Pour commencer, comment vas-tu ?
Julien Gosselin - C’est très bizarre. Les choses changent quotidiennement. Tu m’aurais posé la question il y a quelques semaines, en plein confinement, j’aurais eu une réponse très différente. Comme je travaille avec des textes qui parlent souvent de la peur ou de la catastrophe, je me sens assez dans mon élément, ce qui est à la limite du macabre. Pour moi, les choses se sont passées de façon progressive. Nous devions jouer dans un festival à Taïwan puis en Corée. Nous avons petit à petit senti que les choses allaient s’arrêter et, d’une certaine manière, j’avais envie qu’elles s’arrêtent. Cela correspond aussi sans doute à un moment de ma vie et de ma carrière où j’avais besoin que les choses se calment. Donc cela m’a paru étrangement assez naturel.
« Je ne veux pas que ça reprenne comme avant »
Je suis resté à Calais pendant les deux mois du confinement. Comme tout le monde, je n’ai pas réussi à très bien travailler. Mais je crois que j’étais au fond content que les choses s’arrêtent. Même si évidemment c’est une tragédie pour des tas de gens, à titre individuel, j’ai apprécié cet arrêt forcé. Au départ, j’avais même éteint mon téléphone. J’avais envie de lutter contre cette idée du « show must go on » qui est liée au libéralisme. Dans la sphère théâtrale même, je ressens ce besoin d’une pause. Je ne veux pas que ça reprenne comme avant. Et j’espérais secrètement que le temps du confinement dure, pour qu’il nous permette de changer en profondeur, de nous poser des questions profondes. Aujourd’hui, j’en doute fort.
Tu penses à quelles questions profondes ?
C’est assez technique mais moi j’ai énormément réfléchi à l’organisation de la production théâtrale en France et en Europe. Je suis la première victime de ce genre de crise puisque je pratique un théâtre qui s’exporte, qui demande un déplacement humain et matériel très important. A la fois du point de vue de la restauration des frontières et de la crise écologique, je suis amené à reconsidérer ce modèle. De la même manière, en tant qu’indépendant, je me retrouve aujourd’hui sans lieu, sans maison. Si je veux répéter, il faut qu’un lieu veuille bien m’accueillir. Enfin, le calendrier de la création théâtrale est pour moi trop contraignant. Les spectacles se prévoient deux trois ans à l’avance. J’aimerais que l’on puisse avoir une réactivité qui soit plus proche de celle du cinéma. Maintenir vivante la flamme d’un spectacle pendant trois ans, c’est énorme. Ces trois aspects structurels de la création théâtrale m’amènent à vraiment reconsidérer notre modèle.
Tu as le sentiment que ce questionnement est partagé ?
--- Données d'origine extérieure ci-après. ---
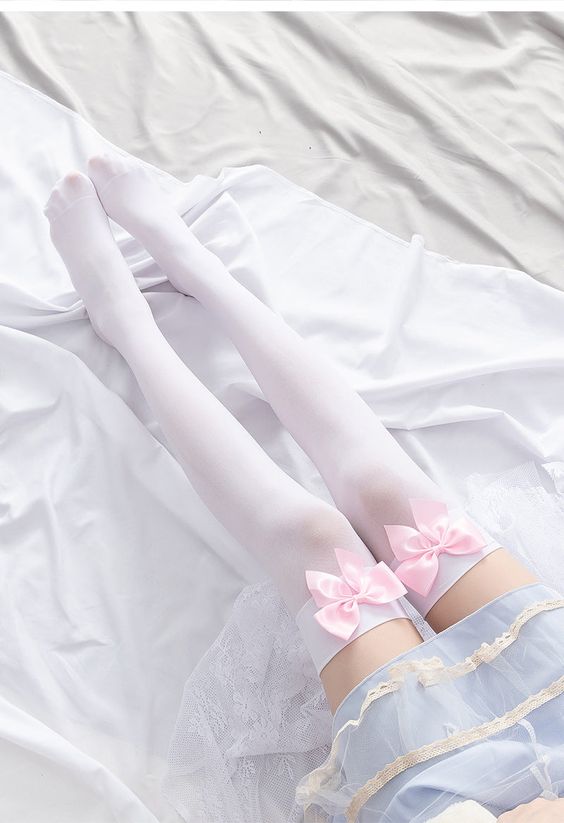 Basic Bow Stockings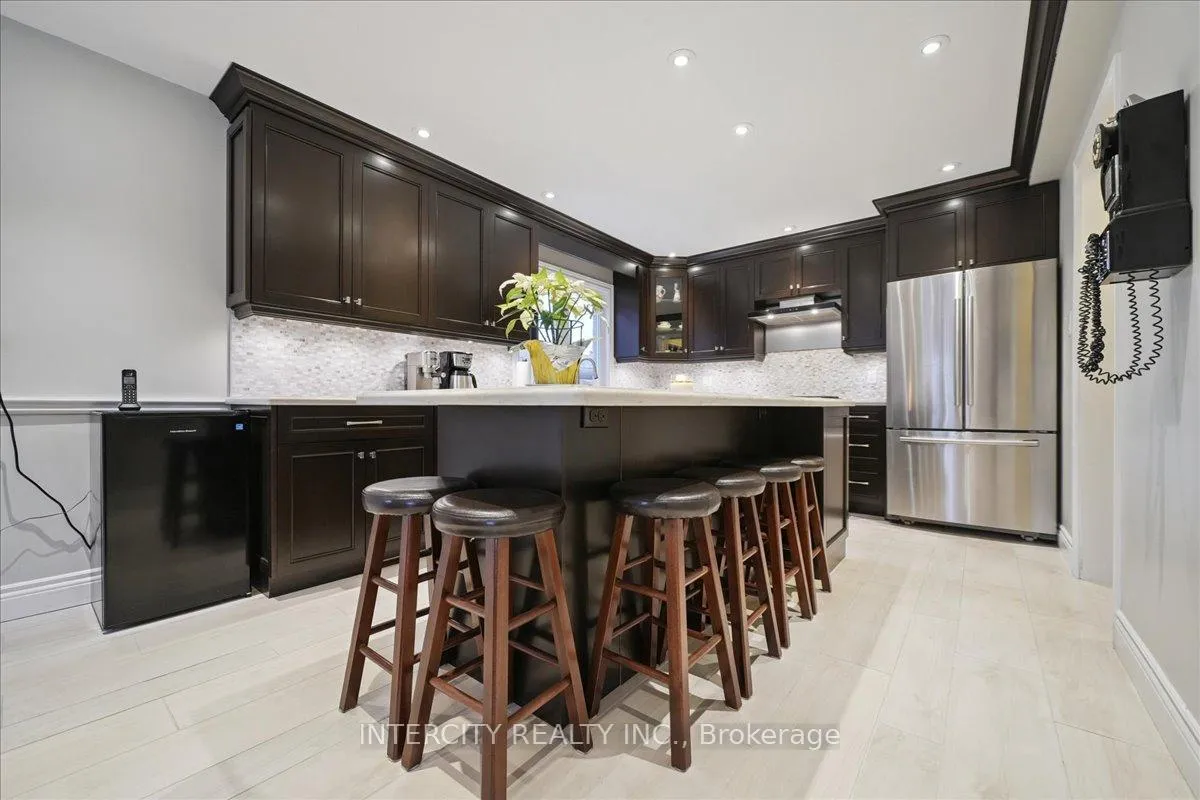 Photo 13 of 67 Sonny Street, Vaughan, Maple — HOMEH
Ce qui m’a déçu dans la réaction du monde du théâtre, c’est qu’à la place de prendre le temps de nous retrouver pour répéter et imaginer des formes amples et nous ménager un vrai temps de travail, on s’est plutôt dirigé vers des œuvres minimalistes et des impromptus ; des lectures sur internet et de petites captations en live sur Instagram, comme si le plus gros problème était qu’on ne puisse plus montrer notre travail au public. C’est bien pour un temps mais ce n’est pas ce dont le théâtre a besoin.
« Voir à long terme, tant sur le plan politique, écologique et créatif »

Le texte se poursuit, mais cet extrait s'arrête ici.